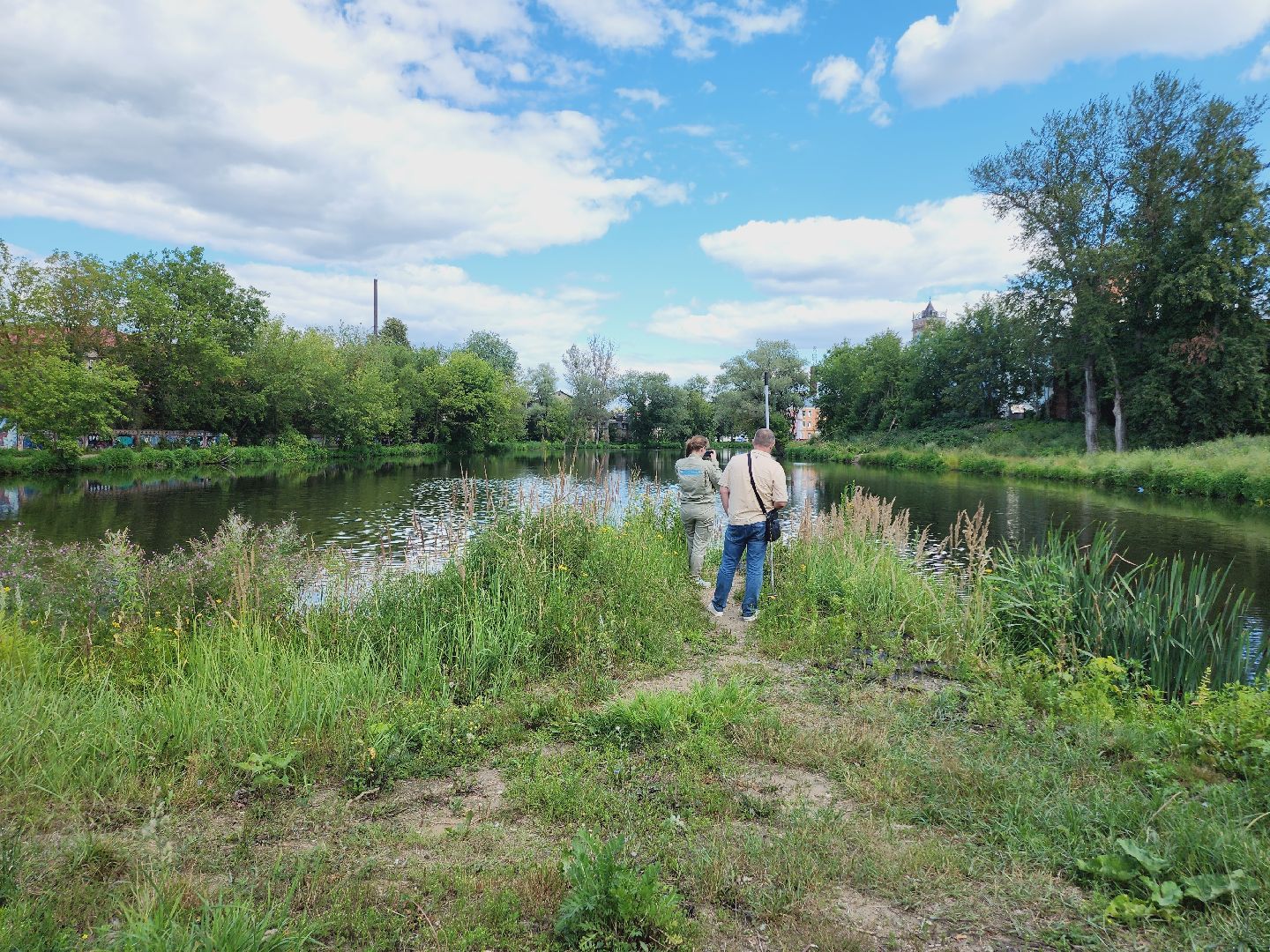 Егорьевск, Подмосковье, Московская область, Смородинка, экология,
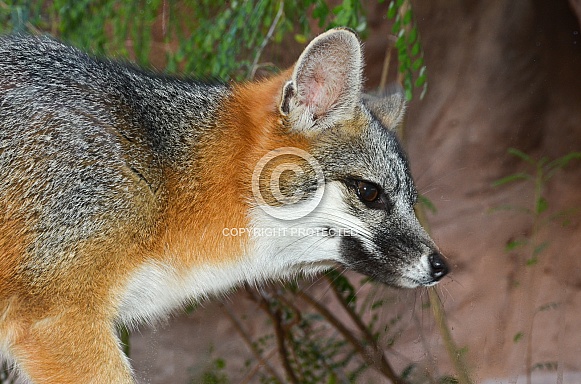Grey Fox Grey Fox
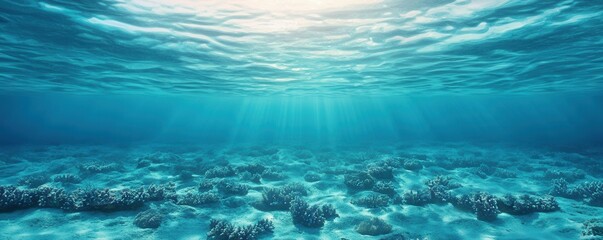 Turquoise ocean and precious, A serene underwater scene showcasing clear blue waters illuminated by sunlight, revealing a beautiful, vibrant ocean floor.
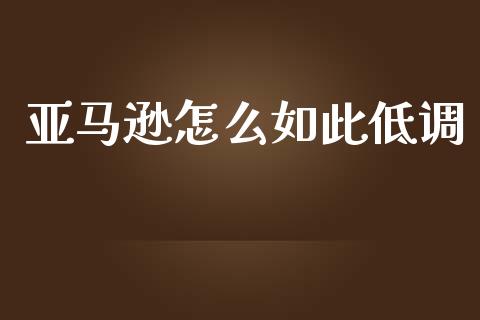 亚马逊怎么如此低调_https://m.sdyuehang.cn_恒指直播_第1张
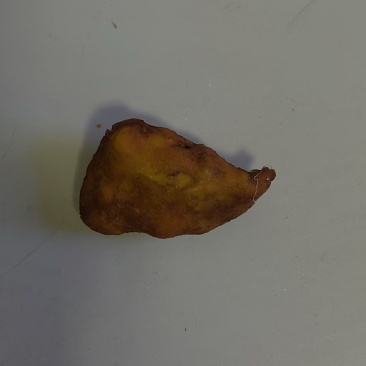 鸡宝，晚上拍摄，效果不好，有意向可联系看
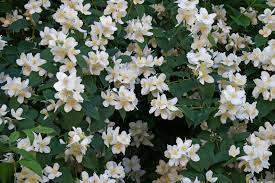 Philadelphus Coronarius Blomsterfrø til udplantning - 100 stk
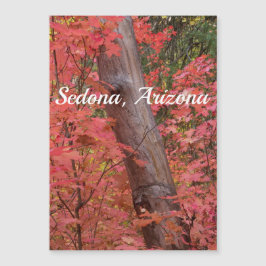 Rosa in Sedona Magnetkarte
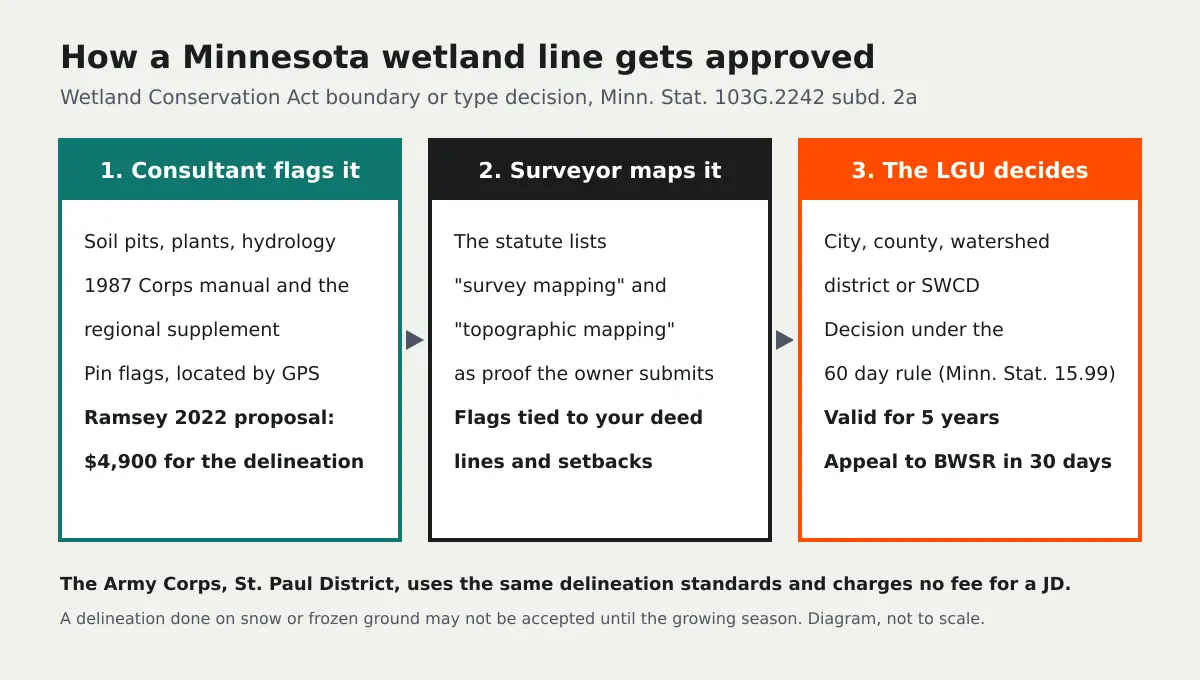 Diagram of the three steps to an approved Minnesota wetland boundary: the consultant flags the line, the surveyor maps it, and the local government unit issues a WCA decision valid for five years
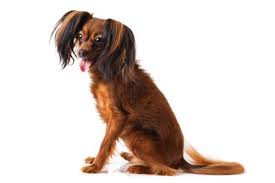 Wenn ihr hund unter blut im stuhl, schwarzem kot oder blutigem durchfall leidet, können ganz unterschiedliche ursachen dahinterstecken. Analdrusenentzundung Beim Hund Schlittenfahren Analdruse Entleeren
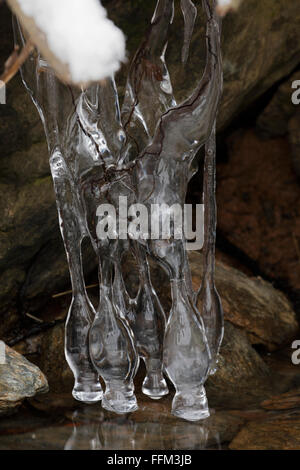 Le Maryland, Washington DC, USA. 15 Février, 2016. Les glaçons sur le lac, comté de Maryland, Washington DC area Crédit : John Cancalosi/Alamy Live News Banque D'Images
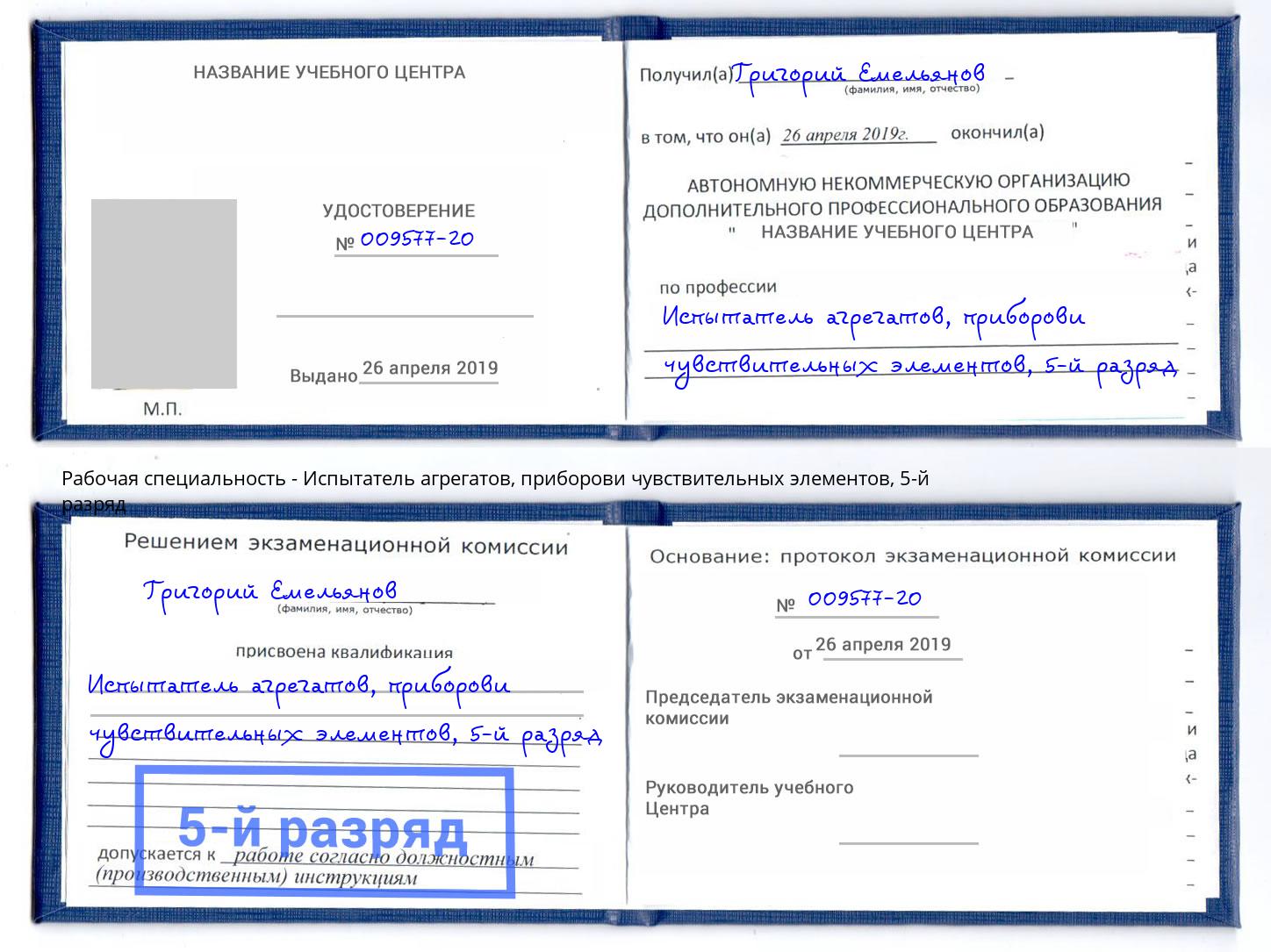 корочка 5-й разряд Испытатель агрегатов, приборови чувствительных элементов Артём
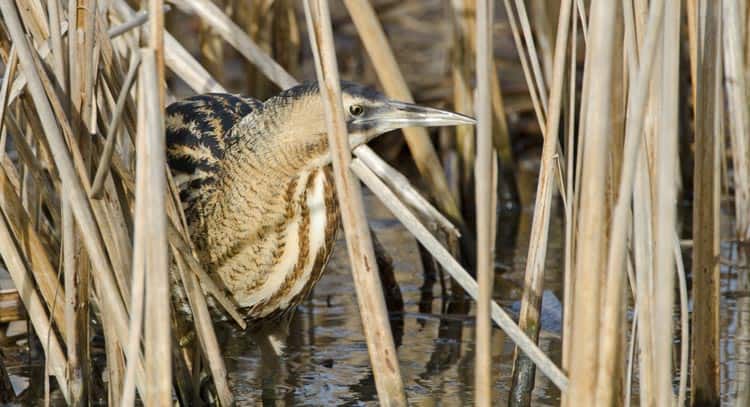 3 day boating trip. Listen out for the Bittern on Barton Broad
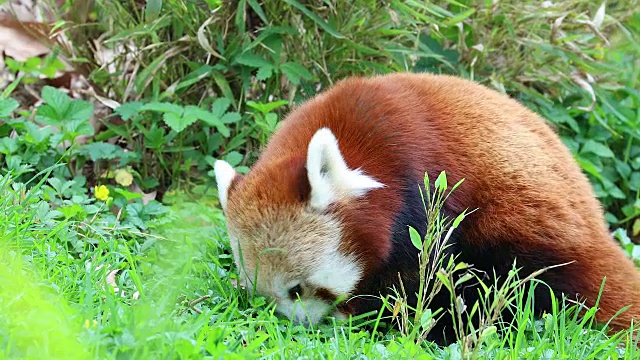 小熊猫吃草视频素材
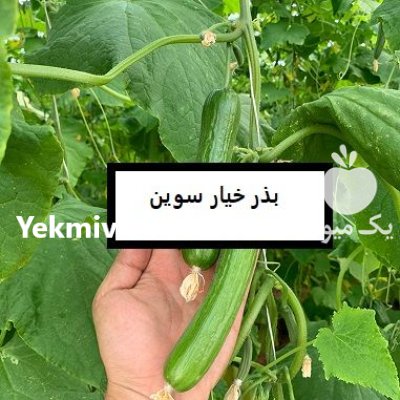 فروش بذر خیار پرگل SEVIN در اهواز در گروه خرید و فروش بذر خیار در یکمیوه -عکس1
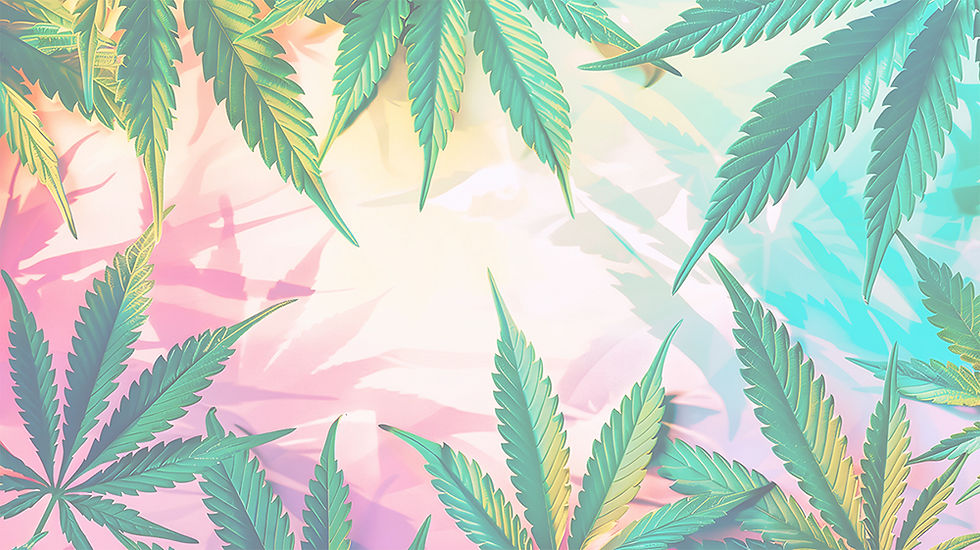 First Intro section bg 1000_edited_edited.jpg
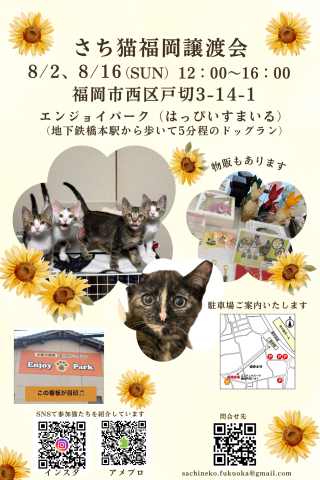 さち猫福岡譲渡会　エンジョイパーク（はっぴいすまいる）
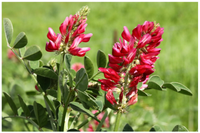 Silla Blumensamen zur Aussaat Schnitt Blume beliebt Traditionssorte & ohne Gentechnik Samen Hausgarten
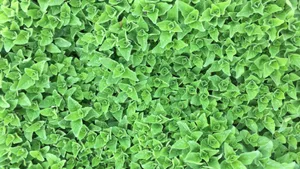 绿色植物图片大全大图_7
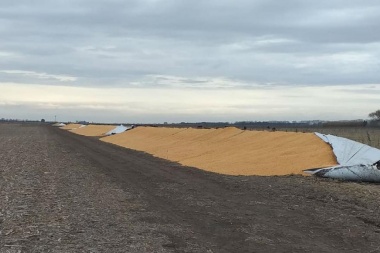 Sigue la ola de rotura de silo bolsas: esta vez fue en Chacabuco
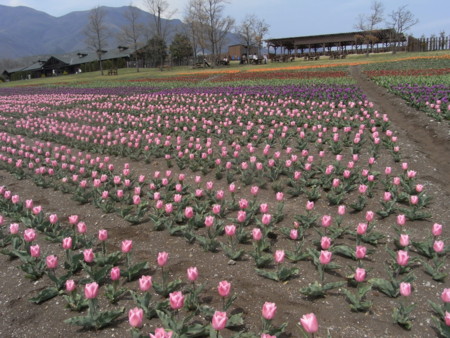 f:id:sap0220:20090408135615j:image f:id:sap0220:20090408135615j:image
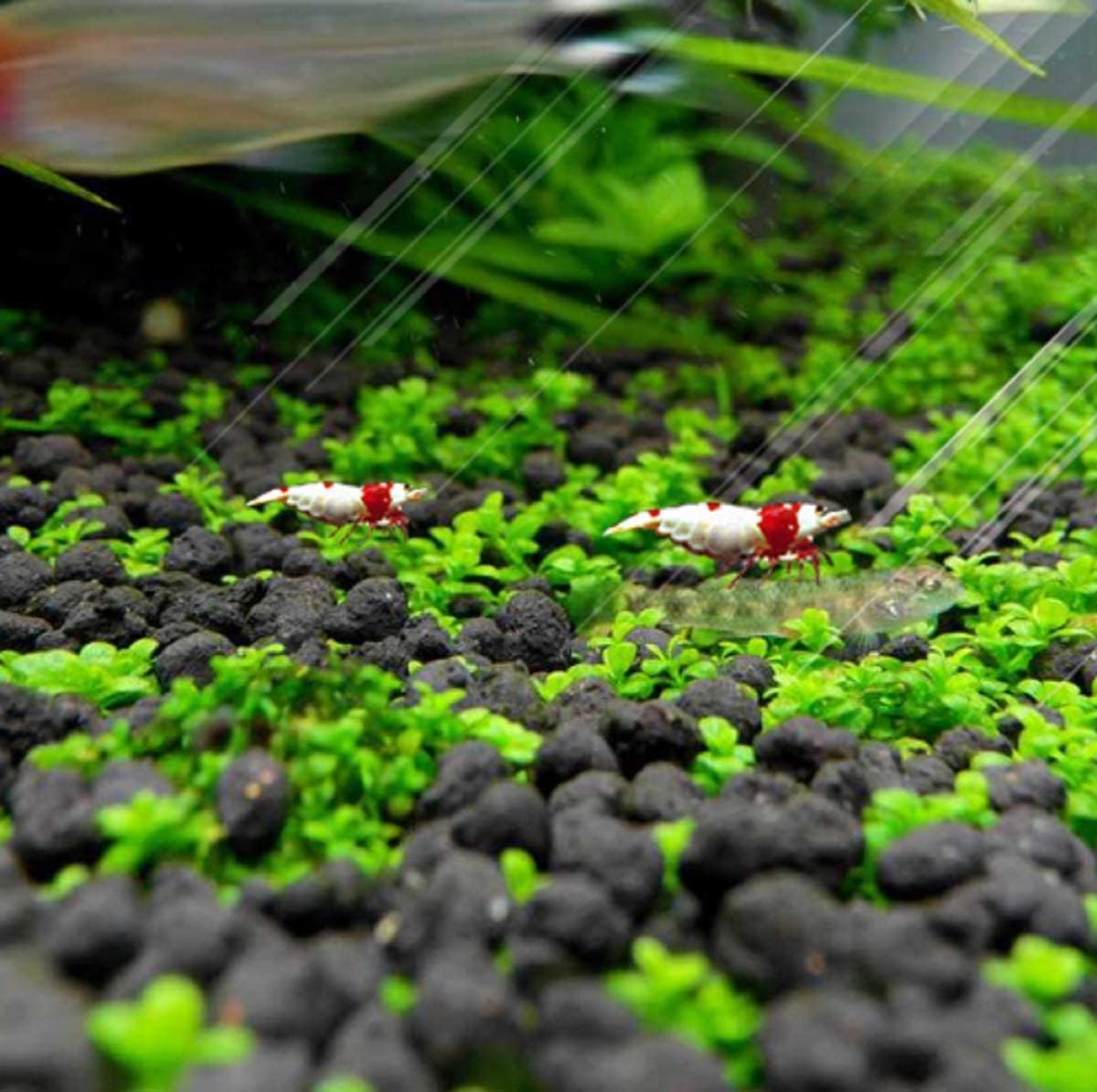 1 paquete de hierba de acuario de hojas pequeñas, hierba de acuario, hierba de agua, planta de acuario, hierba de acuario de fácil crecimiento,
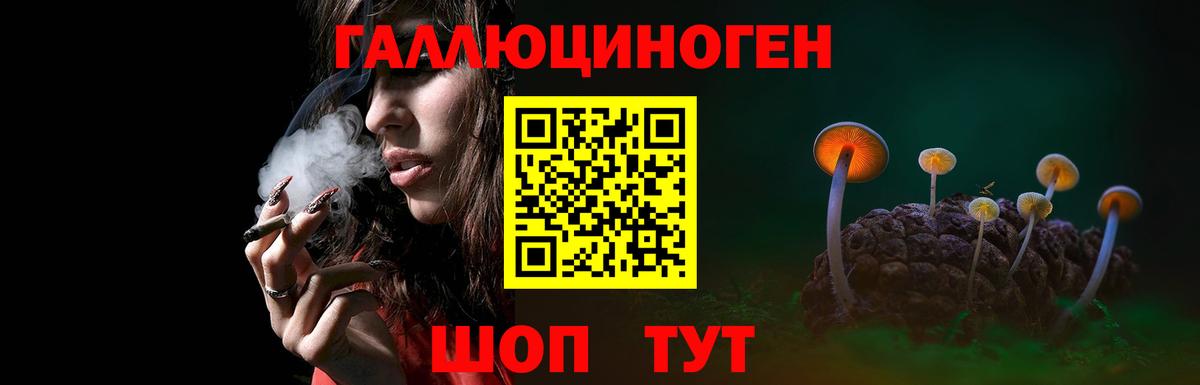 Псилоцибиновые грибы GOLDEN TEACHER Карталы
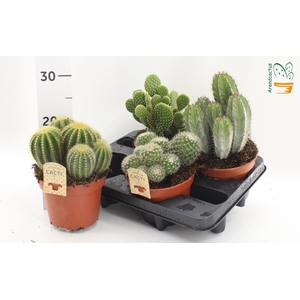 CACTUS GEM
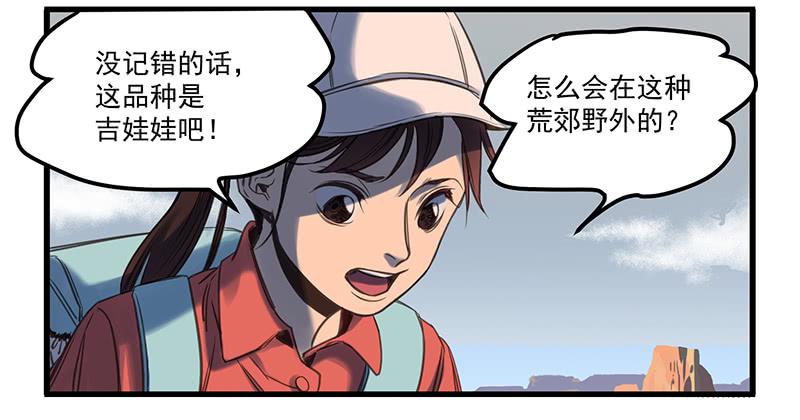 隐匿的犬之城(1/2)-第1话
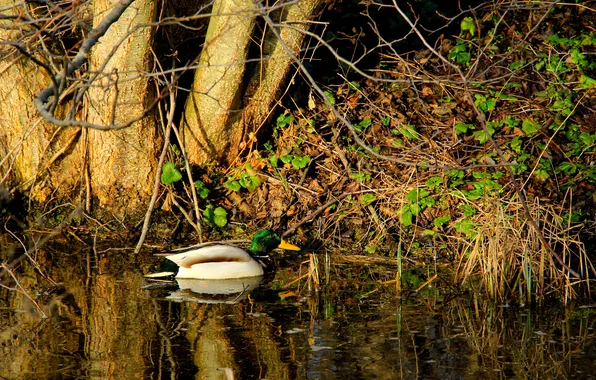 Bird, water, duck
####################
● **Exercise prompt**
Please return exactly, and only, the lines from the one containing "さち猫福岡譲渡会　エンジョイパーク（はっぴいすまいる）" through the end of the records, with both end lines kept and every picture dropped.

● **Solution below**
 さち猫福岡譲渡会　エンジョイパーク（はっぴいすまいる）
 Silla Blumensamen zur Aussaat Schnitt Blume beliebt Traditionssorte & ohne Gentechnik Samen Hausgarten
 绿色植物图片大全大图_7
 Sigue la ola de rotura de silo bolsas: esta vez fue en Chacabuco
 f:id:sap0220:20090408135615j:image f:id:sap0220:20090408135615j:image
 1 paquete de hierba de acuario de hojas pequeñas, hierba de acuario, hierba de agua, planta de acuario, hierba de acuario de fácil crecimiento,
 Псилоцибиновые грибы GOLDEN TEACHER Карталы
 CACTUS GEM
 隐匿的犬之城(1/2)-第1话
 Bird, water, duck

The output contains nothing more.